MHTN worked with the university and general contractor Okland Construction to repair the structural steel and integrate a completely new, warrantied waterproofing system below the plaza as they readied the roof for the new courts. "With the waterproofing system rehabilitated, we then needed to think carefully about drainage, especially for the surface of the courts."
Though the space was ideal, like tennis, legitimate pickleball courts require a post-tension concrete slab to eliminate joints on the playing surface and minimize concrete cracking. The courts need to be as flat as possible, yet still capable of efficiently draining water from the surface, and in this case, off of the building as well. Since the roof's existing structural slab was sloped to drain, designers needed a void-filler between the structural slab and the underside of the courts' post-tensioned slab. The fill needed to be lightweight to minimize additional structural loading and economically feasible within the budget. That's where designers turned to a unique building material, Foam-Control Geofoam from ACH Foam Technologies.
"We're used to working with tapered insulation to create a roof's drainage slope," Thomas said. "However, this was kind of an upside-down situation where we were trying to eliminate most of the slope rather than add it." Incorporating a two-stage drainage system, water on the court surfaces is shed to a center trench drain, accompanied elsewhere by the waterproofing system on the structural slab and roof drains. The geofoam profile had to deliver virtually flat courts yet still direct water to the trench drain.

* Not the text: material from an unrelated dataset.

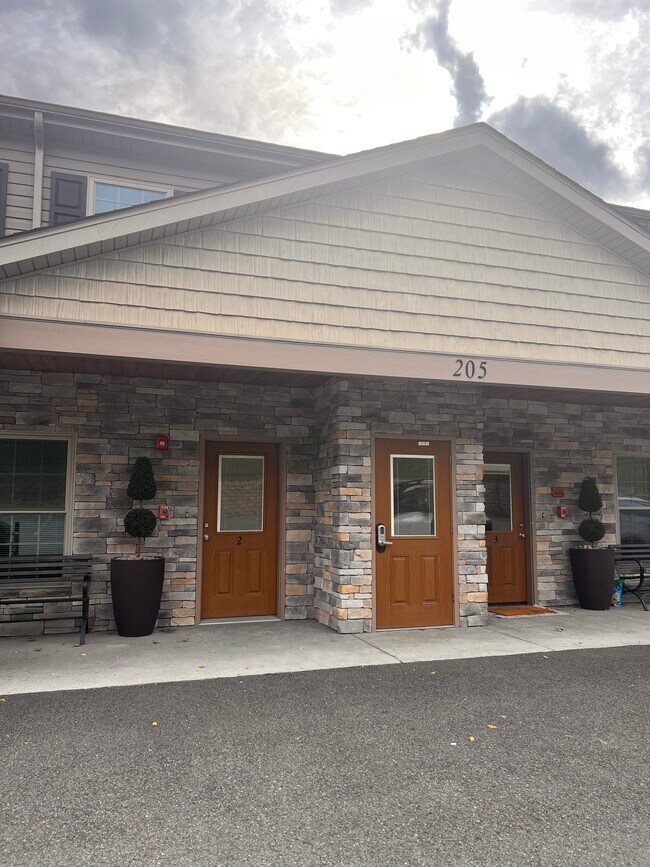 Entrada principal - 205 Locust Ave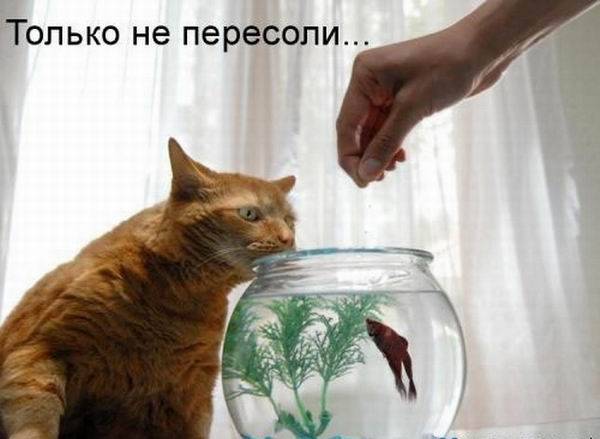 Котоматрицы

The responsibility of overseeing the rehabilitation fell to Les Hamby of Okland Construction. Hamby was the superintendent in charge of construction, and over a 22-year career with Okland, he's built just about everything.
"The project was really about limiting the added weight on the roof and getting a very precise taper," said Hamby of the primary construction challenges. The molded polystyrene rigid geofoam is a lightweight, cellular plastic material that is incredibly strong.

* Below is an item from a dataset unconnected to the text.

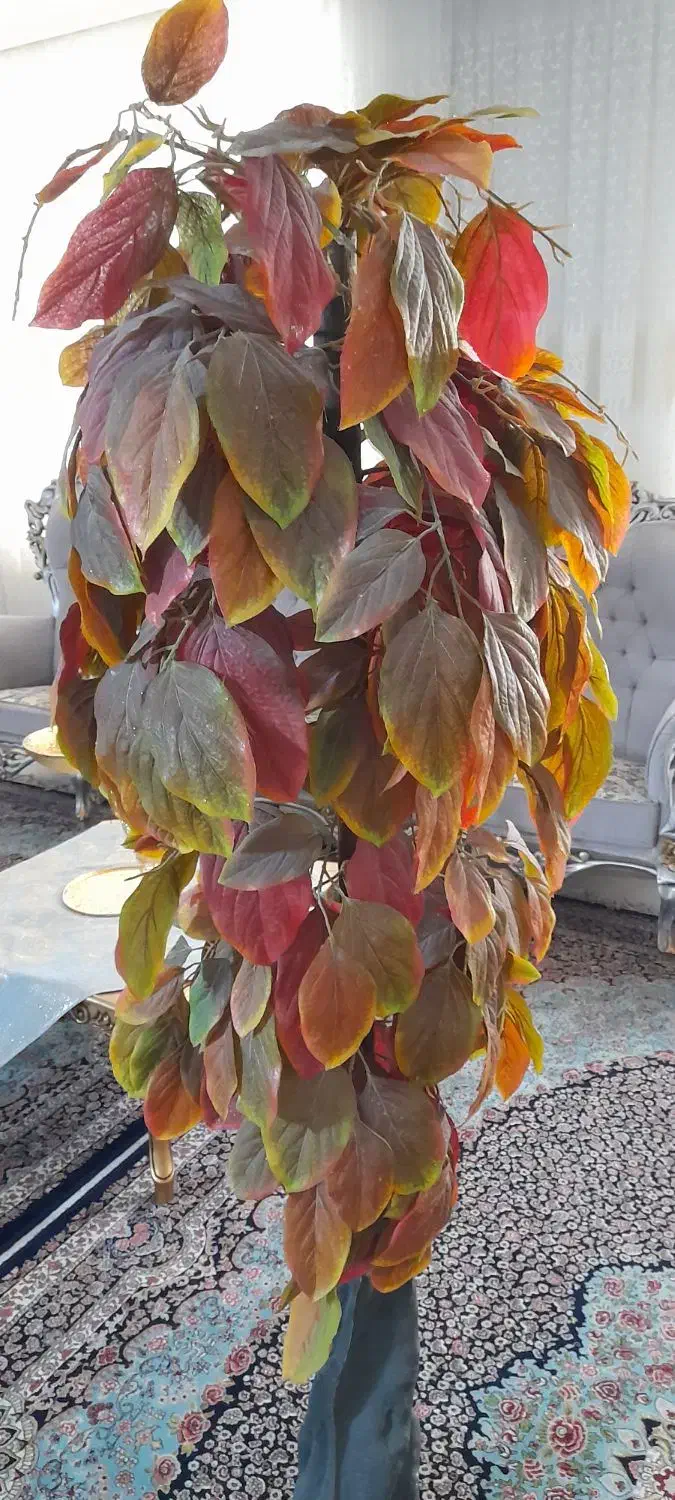 درخت گل|گل مصنوعی|مشهد, حسین‌آباد|دیوار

Working with surveyors and ACH Foam Technologies' representatives onsite, once the structural slab was exposed a series of spot elevations were taken. The survey data was used to establish the exact geofoam profile required to fill the void between the roof and the post-tensioned slab. Meticulously defining the thickness of each piece of foam allowed designers to control positive drainage off the courts and make sure the total volume of added weight didn't approach structural limitations.
"Accuracy in preconstruction is critical," said Hamby of the need to take and validate precise survey measurements and translate them to shop drawings. Hamby had worked with rigid foam products before, using geofoam as a structural platform for concrete stadium seating, and knows the importance of every piece being cut, shaped and placed exactly.
The final deck height had to match the threshold of the plaza's existing entry door, which couldn't be changed, so each piece of foam across the whole roof was unique. "Getting precut pieces on the job site in a logical order really expedites the time it takes to lay down the material."
Protecting the building from deterioration due to water infiltration will always be Hamby's biggest concern. He recommends a triple check strategy to make sure things are watertight, and he likes reliable, proven products in the solutions he builds. Thomas sees things much the same way; quality is always critical as is innovation in reuse.
"I think renovation is a big part of architecture. To repurpose this plaza to a completely new function is exciting," Thomas said.